» **PROBLEM**
For every line below, restate it exactly and drop the images.

» **DATA BLOCK**
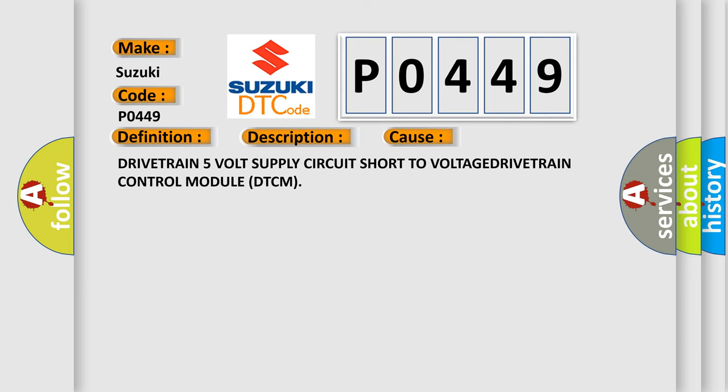Drivetrain 5V supply circuit short to voltage. Drivetrain control module DTCM.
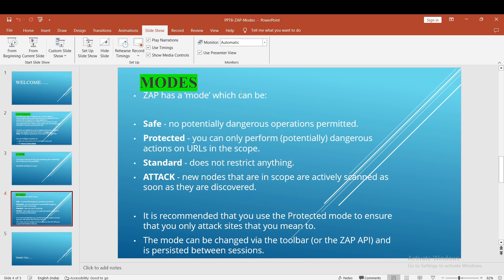In Standard mode, it doesn't restrict to scope — you can do anything on any folder whether it is in scope or not. Coming to Attack mode: when you change to attack mode, a pop-up appears and it will actively scan as soon as items are discovered — meaning in-scope items are scanned automatically. It is recommended that you use Protected mode to ensure that you only attack sites that you mean to.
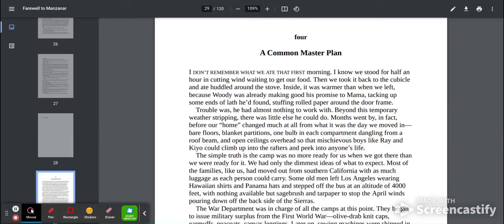Chapter 4, A Common Master Plan. I don't remember what we ate that first morning. I know we stood for half an hour in cutting wind waiting to get our food. Then we took it back to the cubicle and ate huddled around the stove.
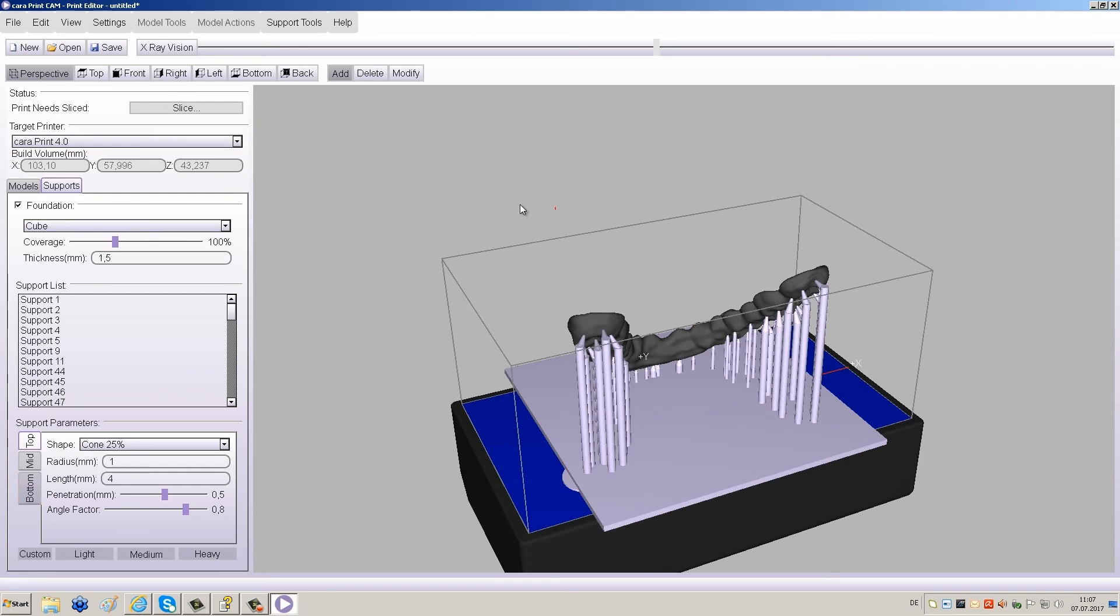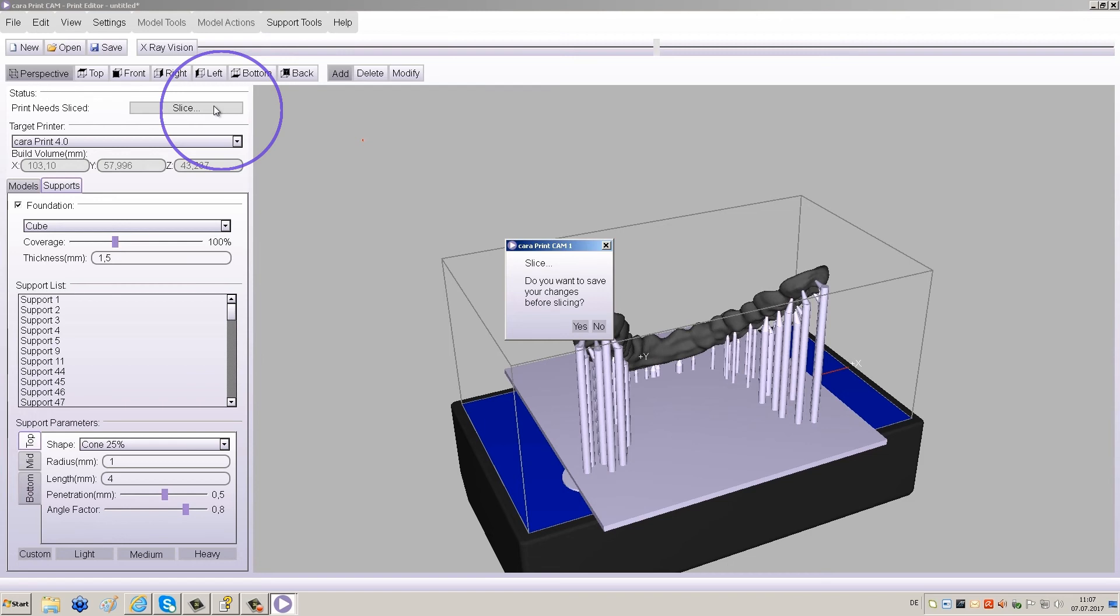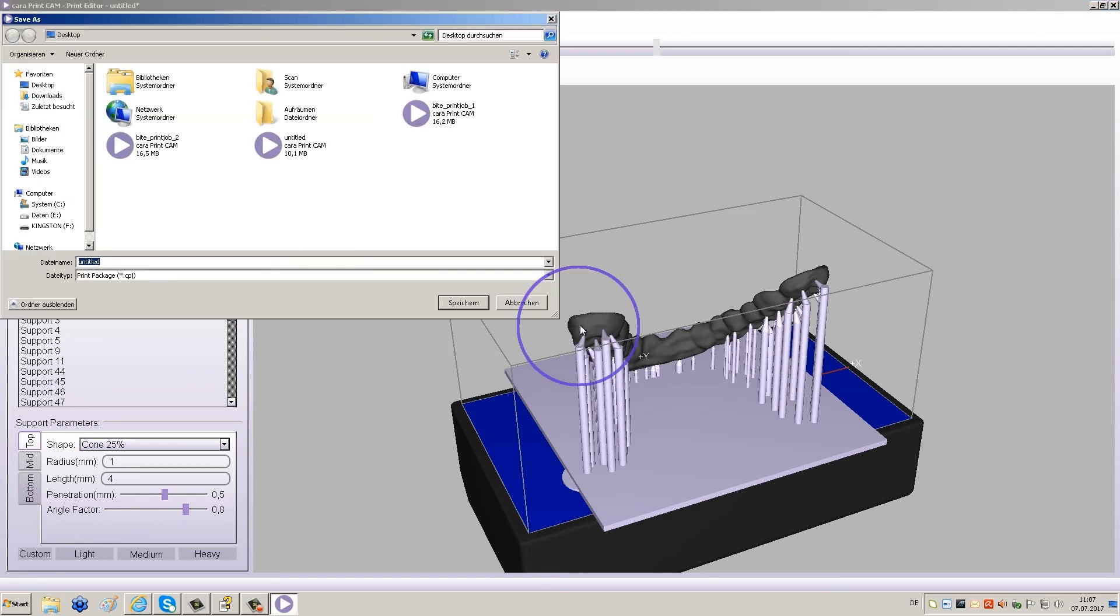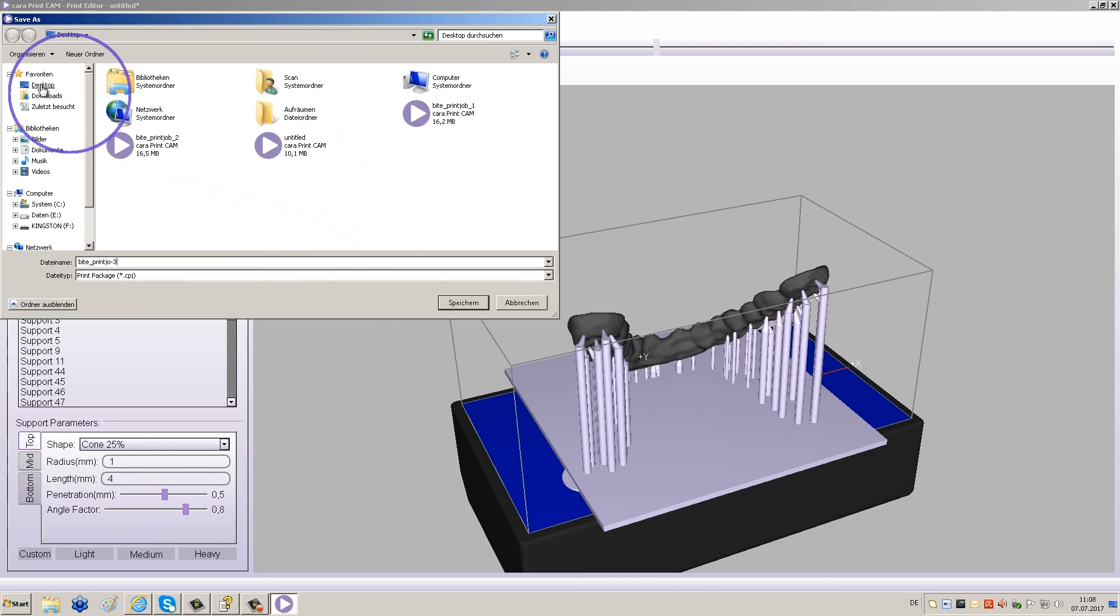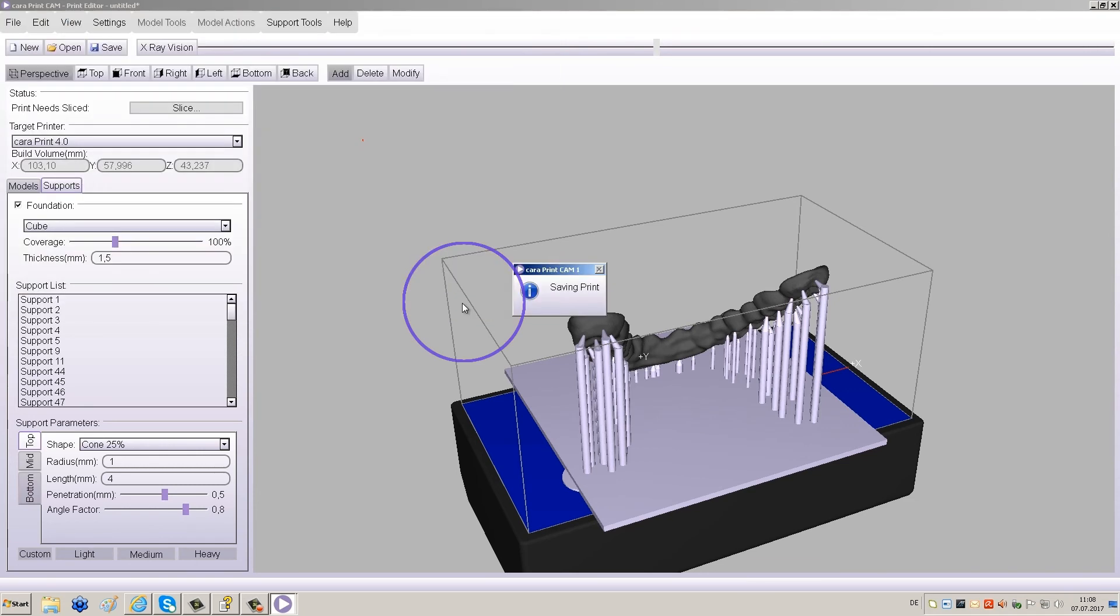After your final review, you can start the slice process by clicking Slice at the top left of your screen. We recommend saving your changes in the pop-up window before starting the slice process. Name your file and save your changes, otherwise the job will be deleted.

» **ANSWER AREA**
Drivetrain 5V supply circuit short to voltage. Drivetrain control module DTCM.
In Standard mode, it doesn't restrict to scope — you can do anything on any folder whether it is in scope or not. Coming to Attack mode: when you change to attack mode, a pop-up appears and it will actively scan as soon as items are discovered — meaning in-scope items are scanned automatically. It is recommended that you use Protected mode to ensure that you only attack sites that you mean to.
Chapter 4, A Common Master Plan. I don't remember what we ate that first morning. I know we stood for half an hour in cutting wind waiting to get our food. Then we took it back to the cubicle and ate huddled around the stove.
After your final review, you can start the slice process by clicking Slice at the top left of your screen. We recommend saving your changes in the pop-up window before starting the slice process. Name your file and save your changes, otherwise the job will be deleted.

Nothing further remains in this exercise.